» EXERCISE DETAILS:
An exact copy of all records is expected, minus the images.

» PROVIDED ENTRIES:
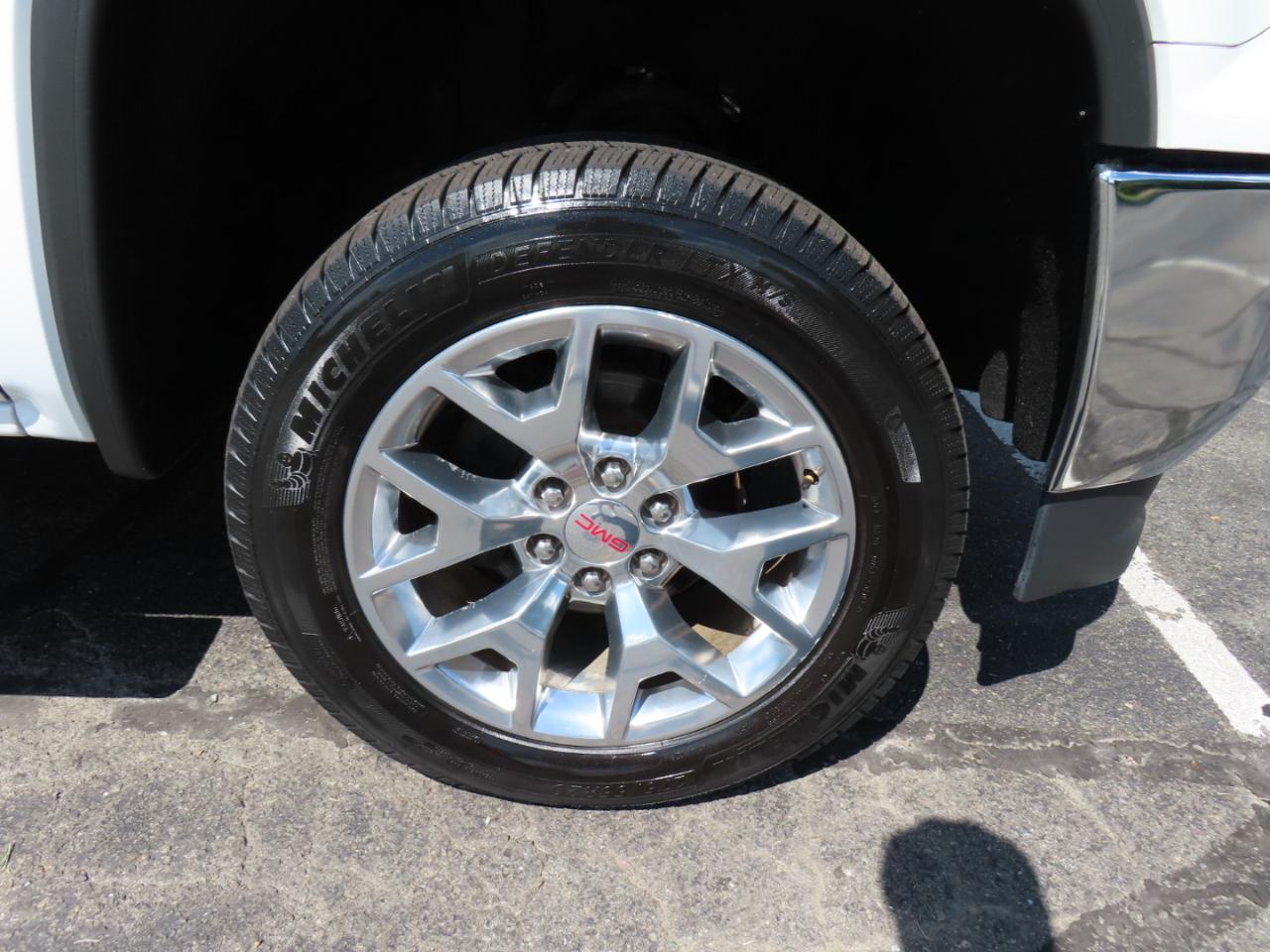 GMC Sierra 1500 SLT Crew Cab Short Box 4WD 2017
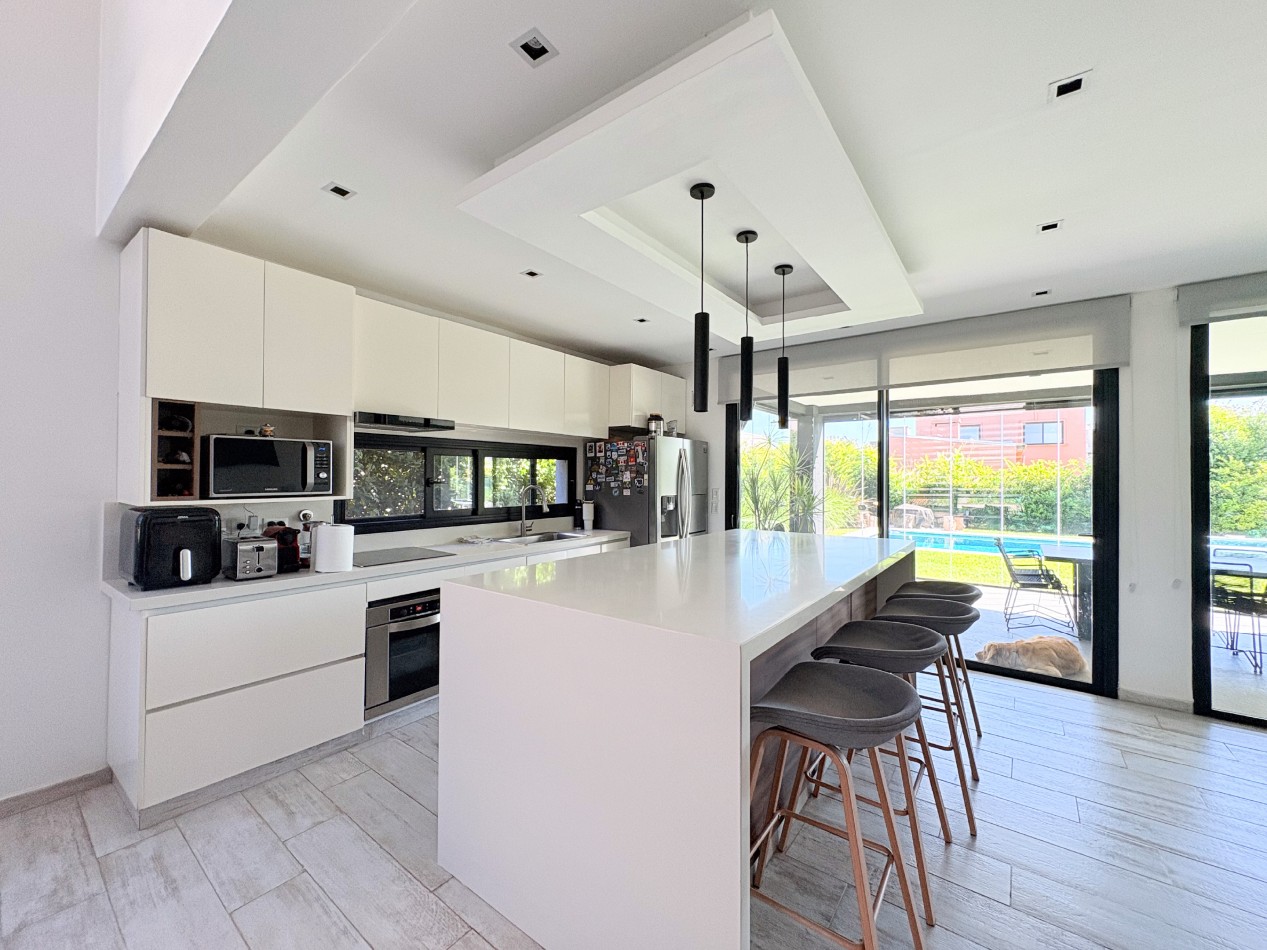 Hermosa Casa en Barrio Cerrado Bella Vista Chico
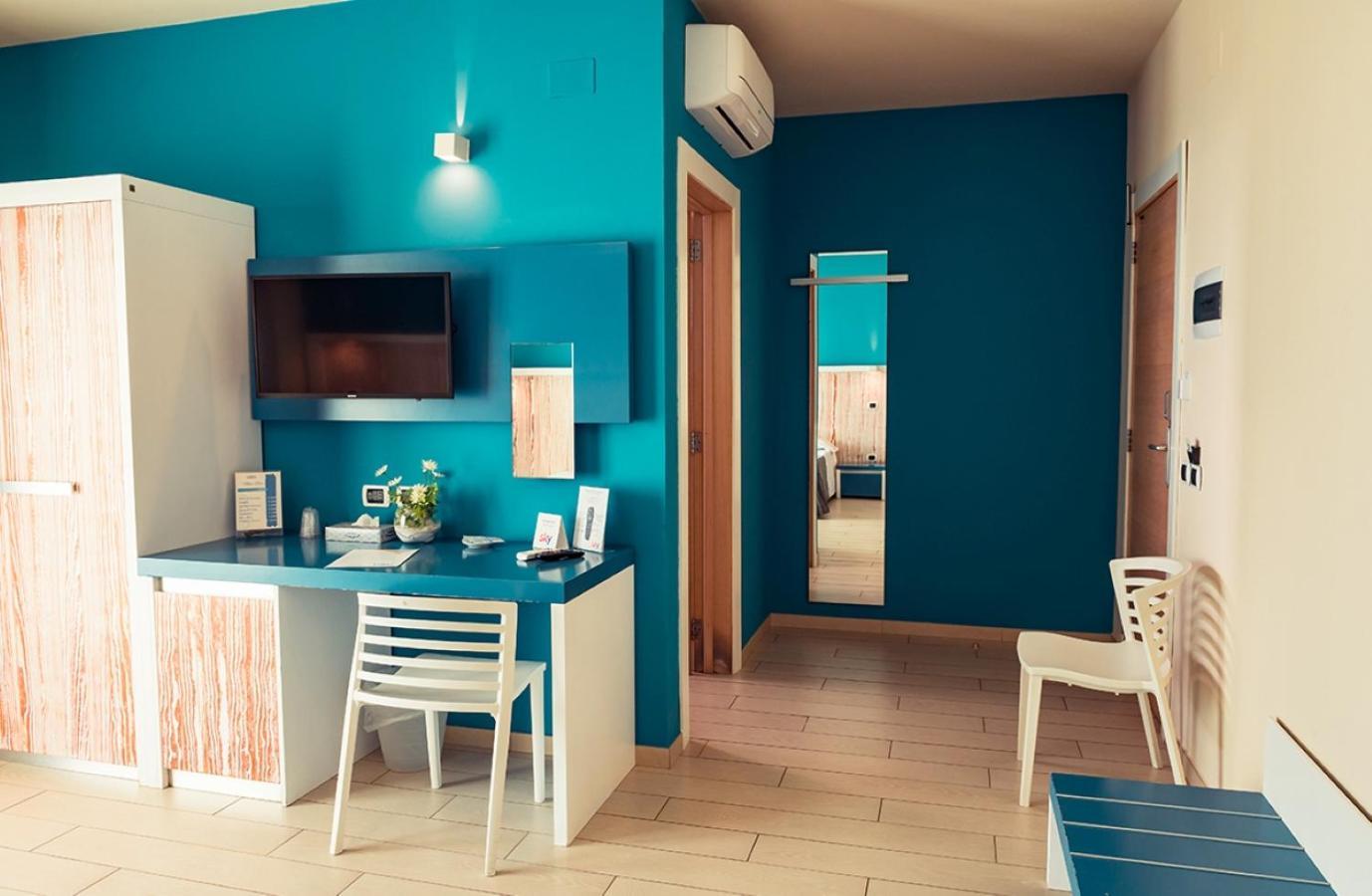 Tabu Hotel Porto Cesareo Kültér fotó
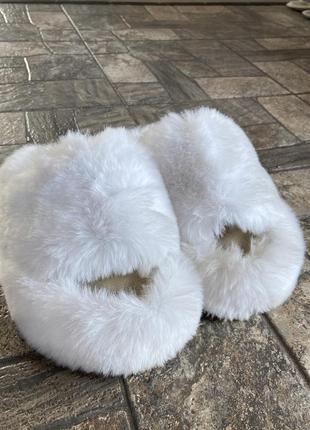 Белые тапочки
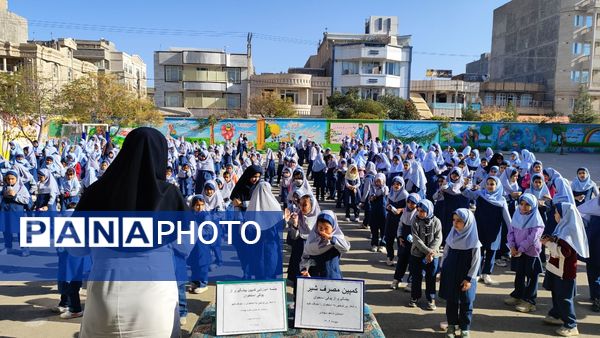جلسه آموزشی کمپین پیشگیری از پوکی استخوان در مدرسه شاهد خیر سجادی 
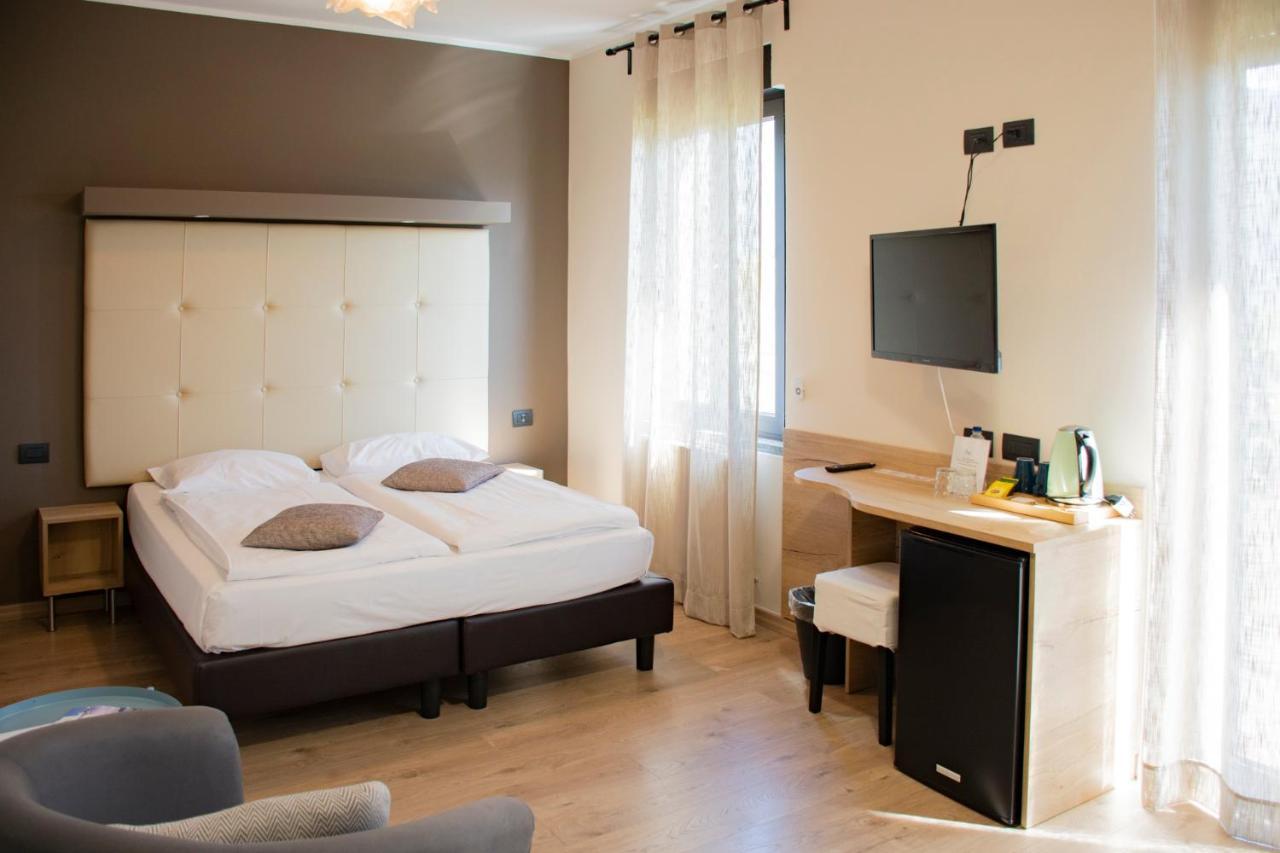 Hotel Bungalows Europa Домасо Екстериор снимка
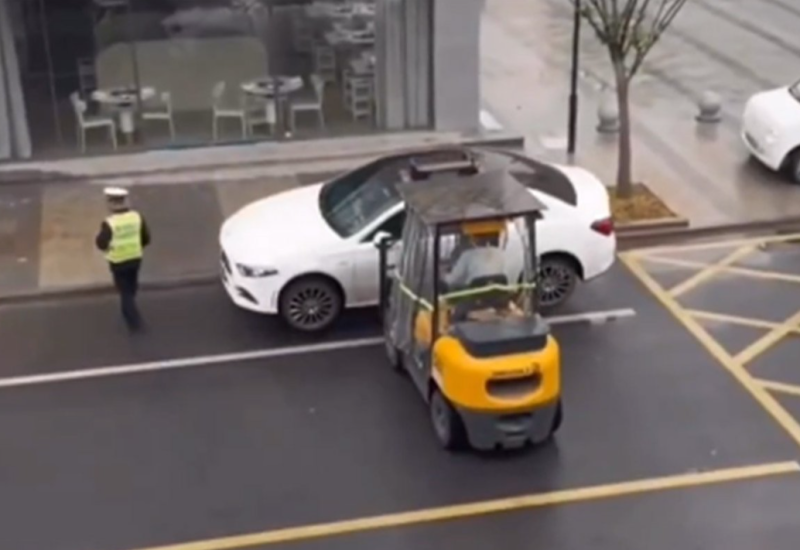 Mercedes odnijeli viljuškarom (VIDEO)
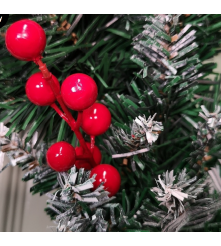 Coronita Decorativa Craciun 40cm Cu 20 LED-uri Calde, Conuri, Fructe Rosii si Zapada Artificiala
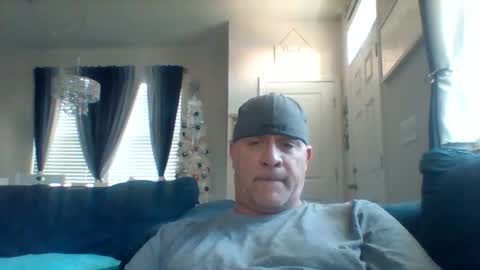 Snapshot of hotyummycock69 chatting on December 20, 3:52 pm hotyummycock69 online show from December 20, 3:52 pm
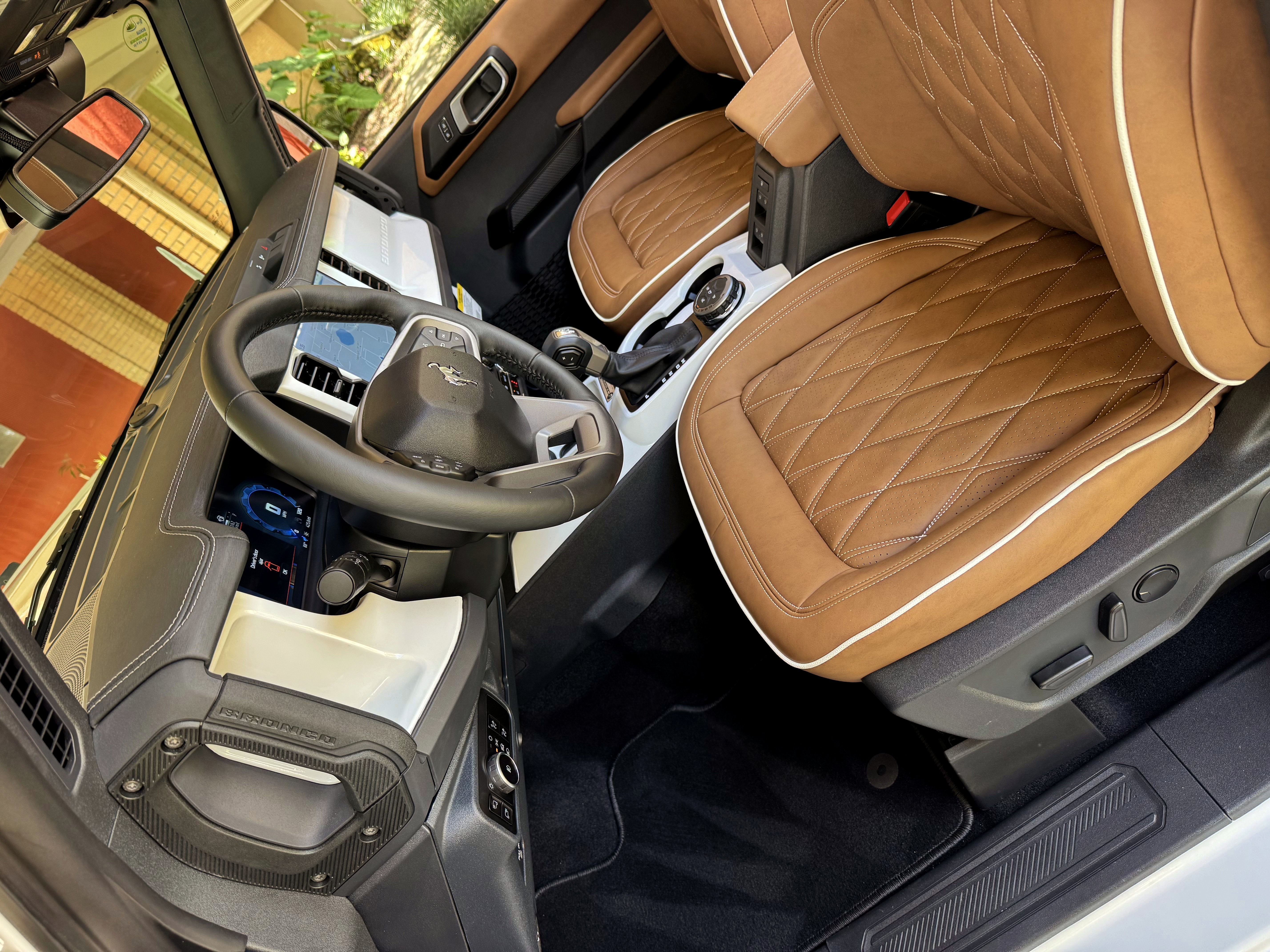 2026 Ford Bronco V6 Outer Banks Luxury Package Hard Top Custom Lifted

» OUTPUT OF THE TASK:
 GMC Sierra 1500 SLT Crew Cab Short Box 4WD 2017
 Hermosa Casa en Barrio Cerrado Bella Vista Chico
 Tabu Hotel Porto Cesareo Kültér fotó
 Белые тапочки
جلسه آموزشی کمپین پیشگیری از پوکی استخوان در مدرسه شاهد خیر سجادی 
 Hotel Bungalows Europa Домасо Екстериор снимка
 Mercedes odnijeli viljuškarom (VIDEO)
 Coronita Decorativa Craciun 40cm Cu 20 LED-uri Calde, Conuri, Fructe Rosii si Zapada Artificiala
 Snapshot of hotyummycock69 chatting on December 20, 3:52 pm hotyummycock69 online show from December 20, 3:52 pm
 2026 Ford Bronco V6 Outer Banks Luxury Package Hard Top Custom Lifted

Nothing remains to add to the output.